In the data below, find the line with "HAT10-MLP-11517 Australia Crossed" and the line with "藍蓮花微波爐可加熱分格矽膠飯盒便當食品級三格上班族輕便小容s^", then restate both and every line between them exactly, minus the pictures.

Record excerpts section start

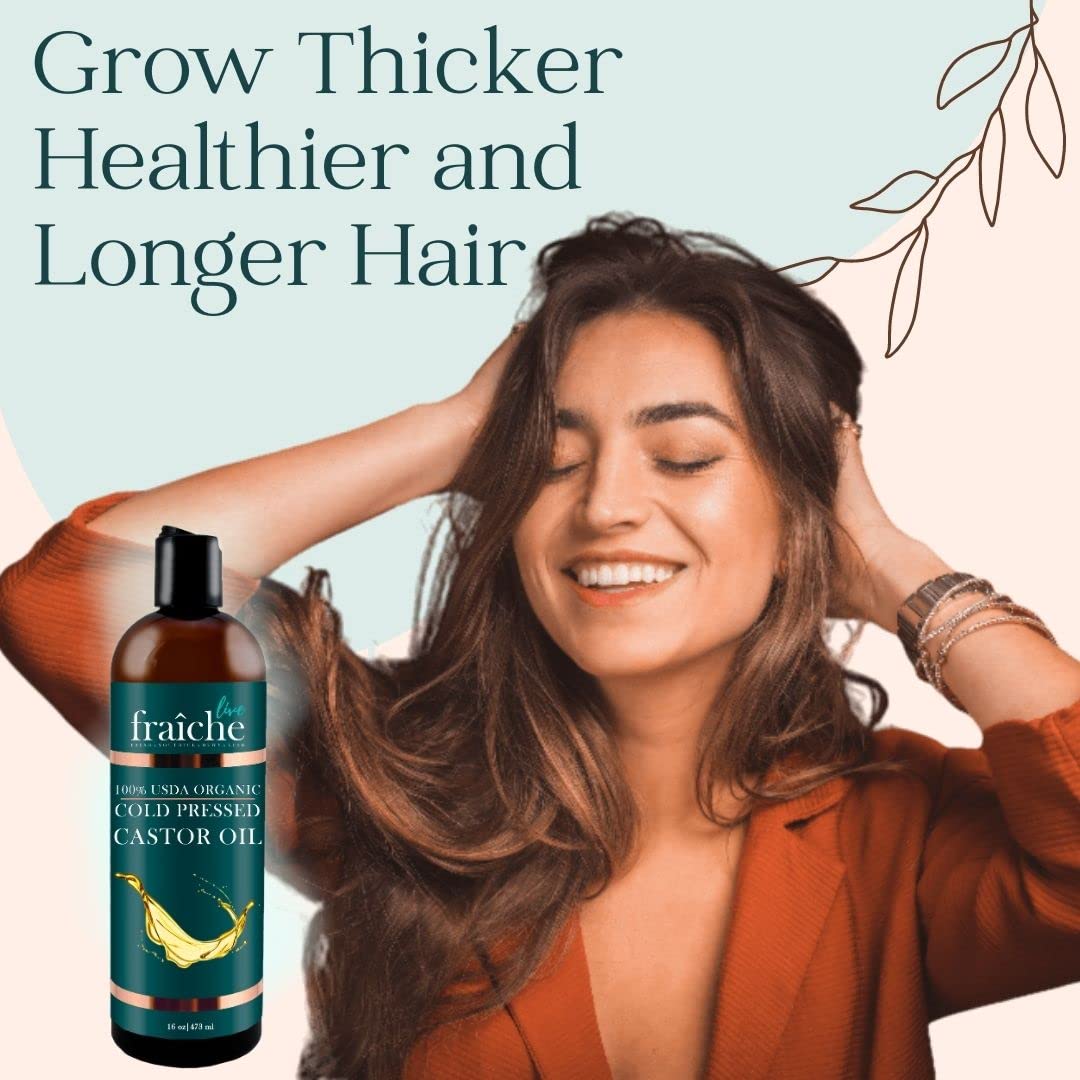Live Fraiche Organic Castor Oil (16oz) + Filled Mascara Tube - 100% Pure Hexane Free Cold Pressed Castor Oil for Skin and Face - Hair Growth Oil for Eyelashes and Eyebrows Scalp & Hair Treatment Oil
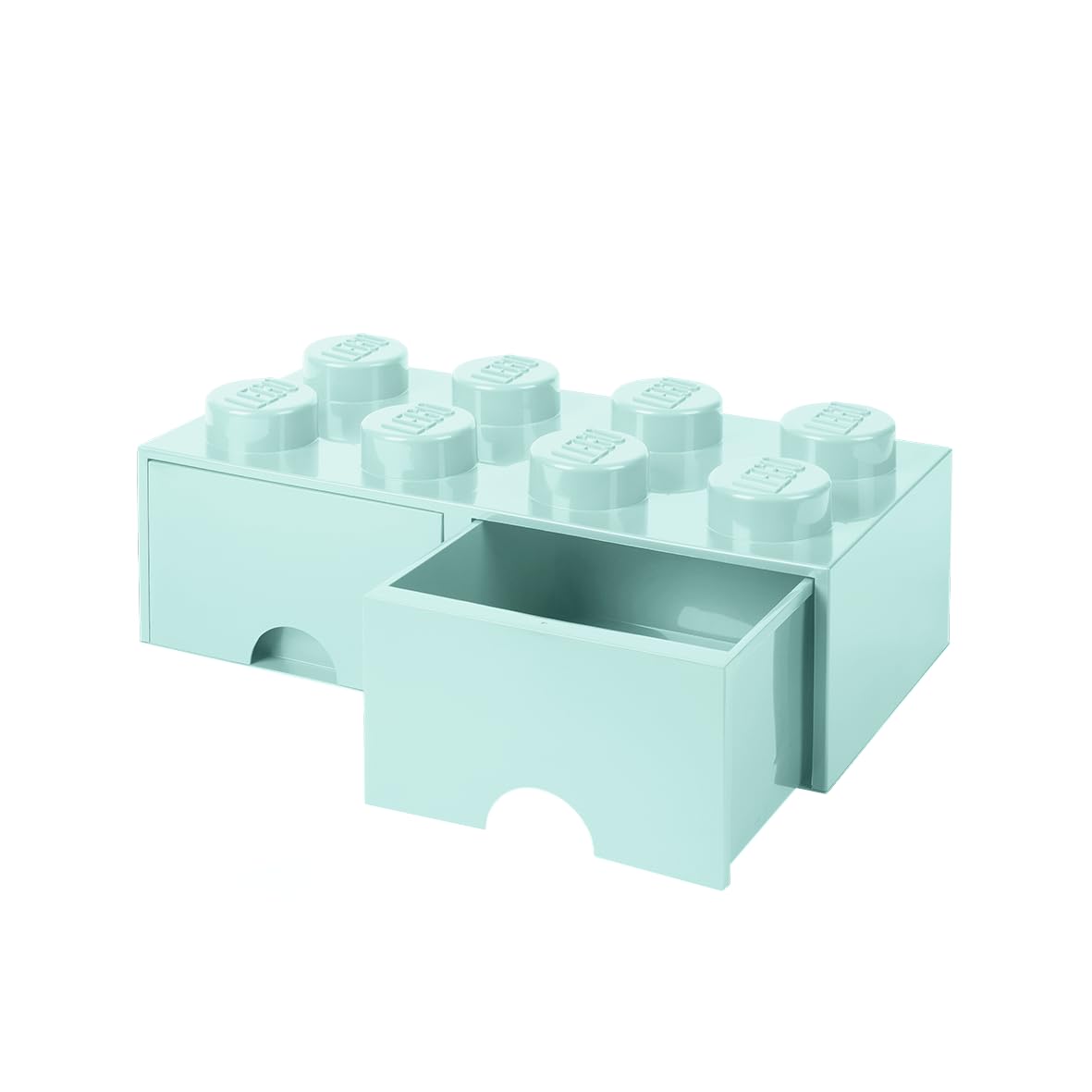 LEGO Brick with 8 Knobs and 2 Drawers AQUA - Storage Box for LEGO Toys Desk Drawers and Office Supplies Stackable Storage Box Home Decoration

Record excerpts section end
Record excerpts section start

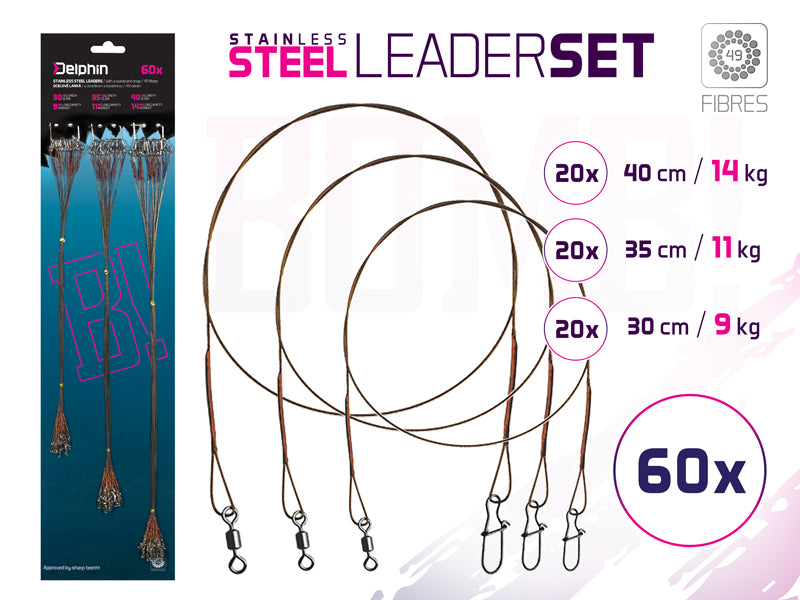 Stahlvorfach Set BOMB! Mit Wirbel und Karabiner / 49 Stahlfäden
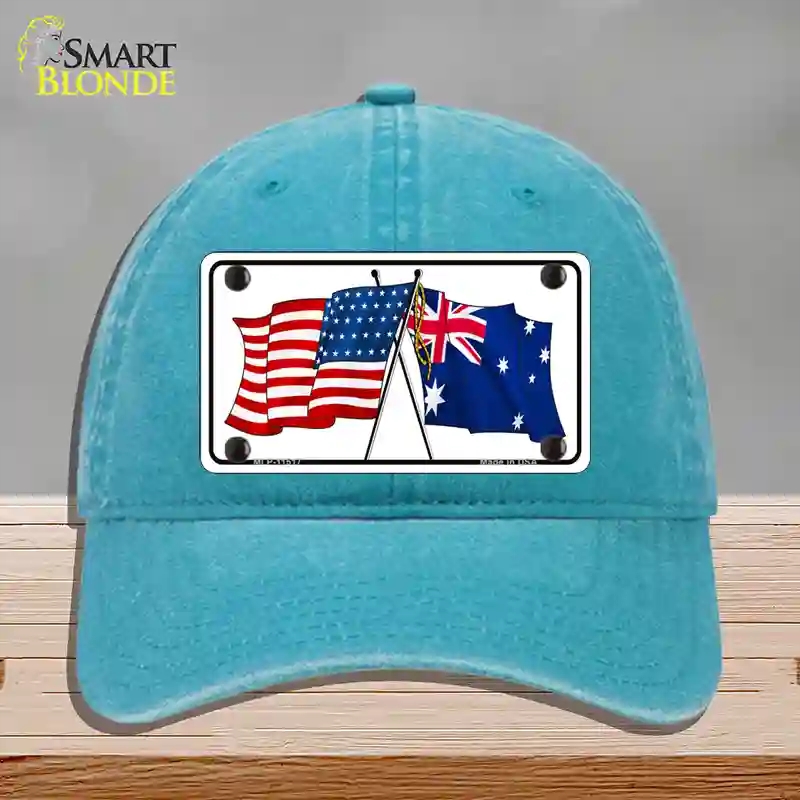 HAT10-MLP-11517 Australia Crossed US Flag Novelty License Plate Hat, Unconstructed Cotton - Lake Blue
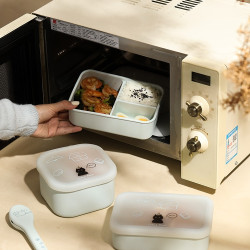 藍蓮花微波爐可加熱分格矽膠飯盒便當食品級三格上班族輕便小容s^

Record excerpts section end

Solution below:
 HAT10-MLP-11517 Australia Crossed US Flag Novelty License Plate Hat, Unconstructed Cotton - Lake Blue
 藍蓮花微波爐可加熱分格矽膠飯盒便當食品級三格上班族輕便小容s^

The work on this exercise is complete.